▸ **Your objective**:
Restate word for word only the lines from the one with "Light-pink georgette thread" through the end of the records; no pictures belong in the copy.

Crawled caption data
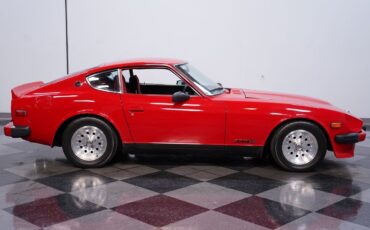 Datsun-Z-Series-1975-Coupe-12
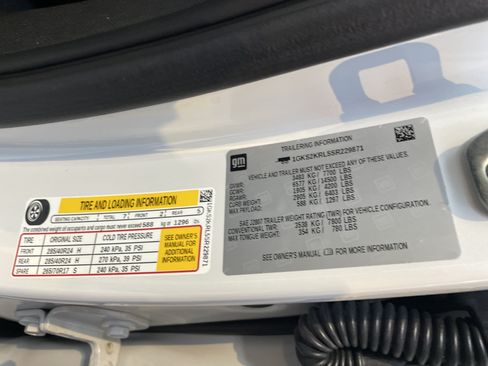 Used 2025 GMC Yukon XL Denali Ultimate w/ LPO, Floor Liner Package AWD/4WD image 51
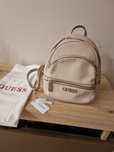 Дамска чанта Guess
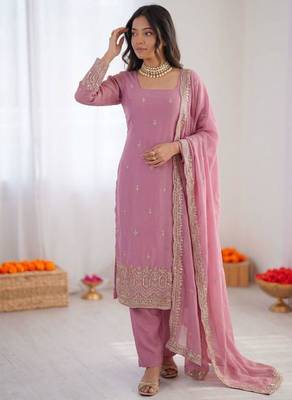Light-pink georgette thread embroidery kurta set 2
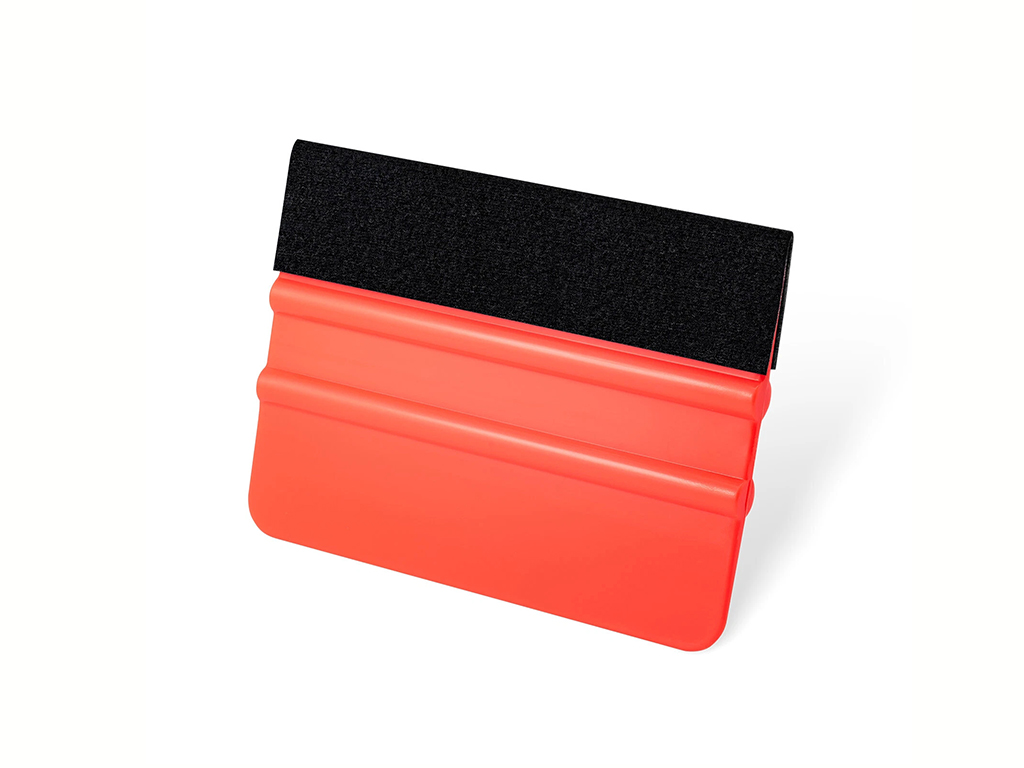 Racletă pentru aplicare folie, autocolant şi stickere, din plastic cu o latură cu pâslă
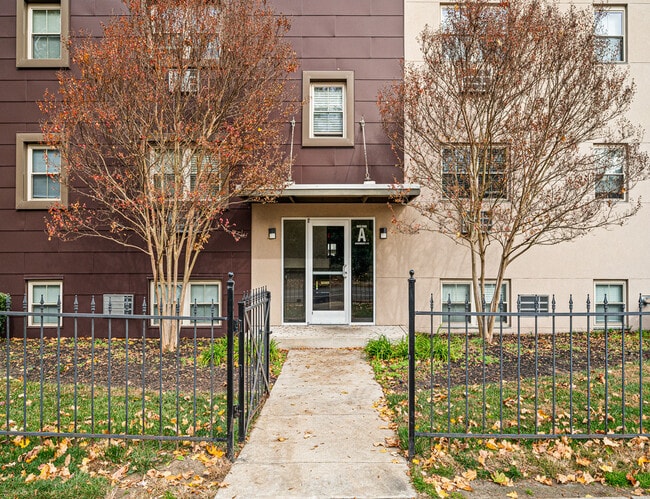 greene-manor-exteriors-8-of-31 - Greene Manor Apartments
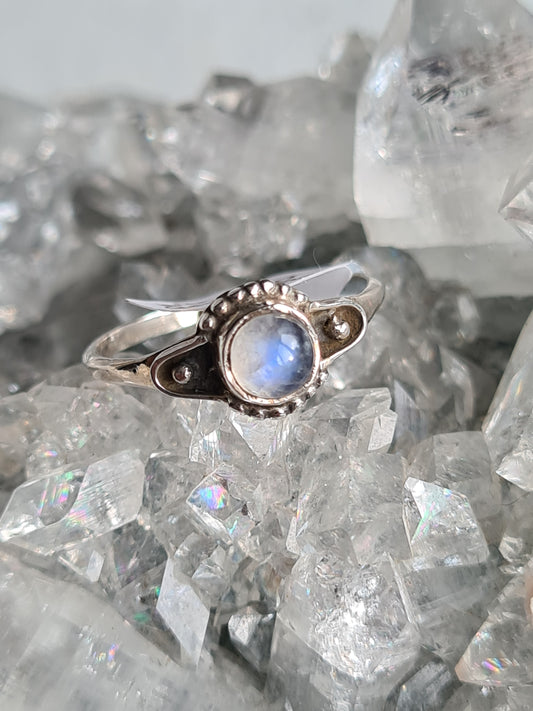 Vintage Style Rainbow Moonstone ring with bead decoration. Size UK N.5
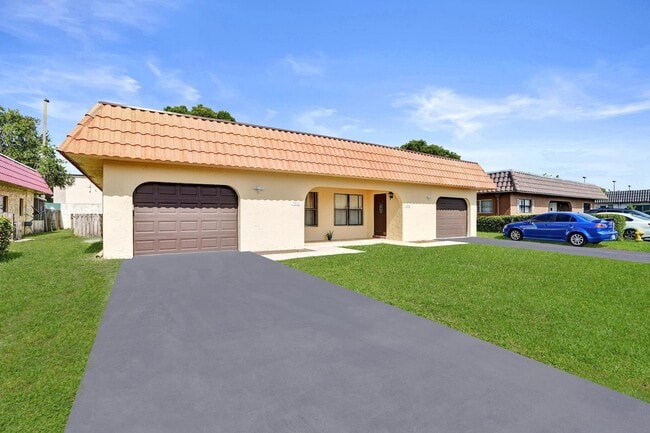 Photo - 7010-7012 NW 78th Ave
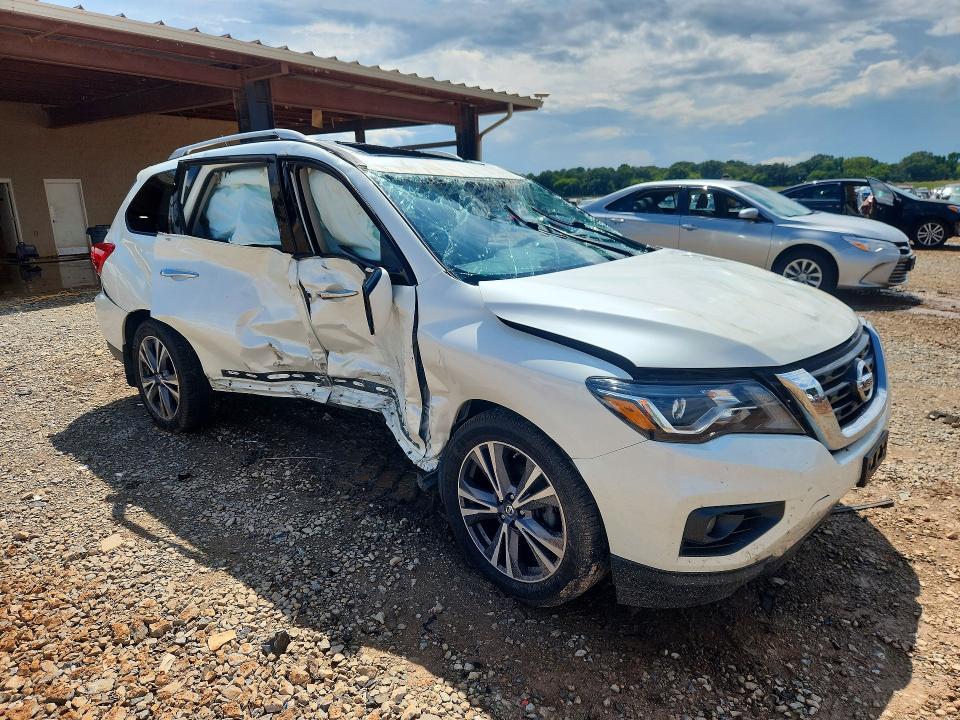 2017 Nissan Pathfinder მანქანა იყიდება აუქციონზე, vin: 5N1DR2MM1HC695854, აუქციონის ნომერი: 64111876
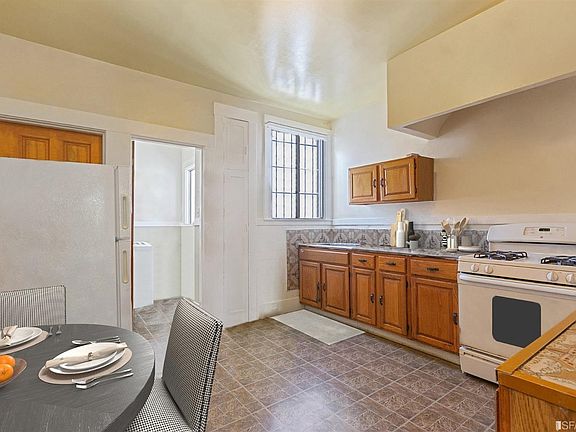4th image of 710 London St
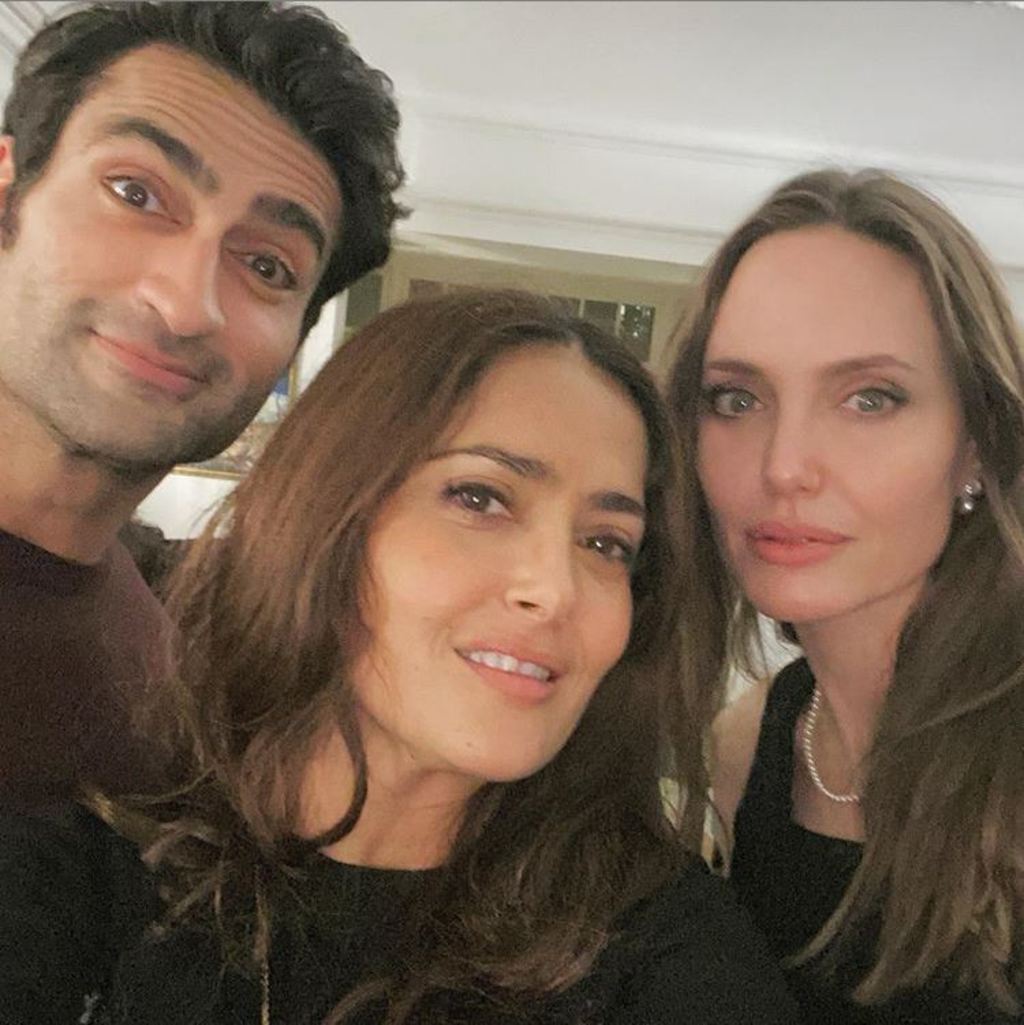 Salma Hayek presume amistad con Angelina Jolie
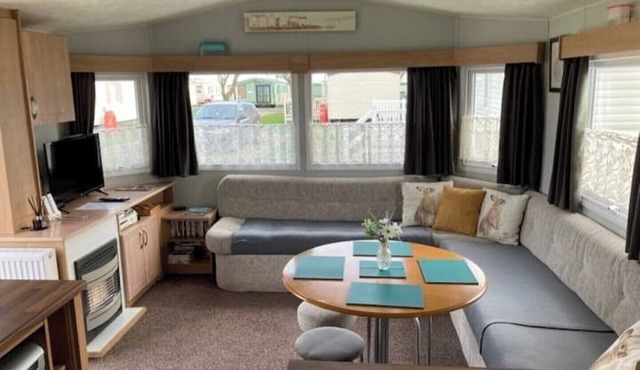 Cosy Caravan Just 5 min Walk to the Beach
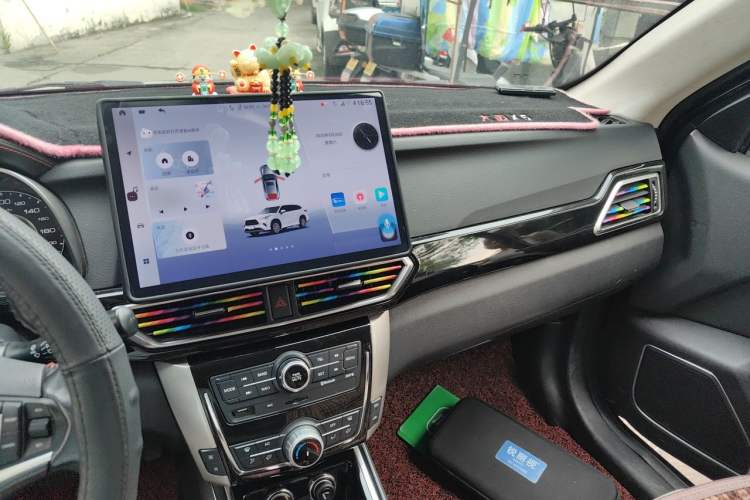 Used Zotye Domy X5 2015 1.5T CVT ZhiXian Model China IV Standard Audio And AC Panel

▸ **Result**:
Light-pink georgette thread embroidery kurta set 2
 Racletă pentru aplicare folie, autocolant şi stickere, din plastic cu o latură cu pâslă
 greene-manor-exteriors-8-of-31 - Greene Manor Apartments
 Vintage Style Rainbow Moonstone ring with bead decoration. Size UK N.5
 Photo - 7010-7012 NW 78th Ave
 2017 Nissan Pathfinder მანქანა იყიდება აუქციონზე, vin: 5N1DR2MM1HC695854, აუქციონის ნომერი: 64111876
4th image of 710 London St
 Salma Hayek presume amistad con Angelina Jolie
 Cosy Caravan Just 5 min Walk to the Beach
 Used Zotye Domy X5 2015 1.5T CVT ZhiXian Model China IV Standard Audio And AC Panel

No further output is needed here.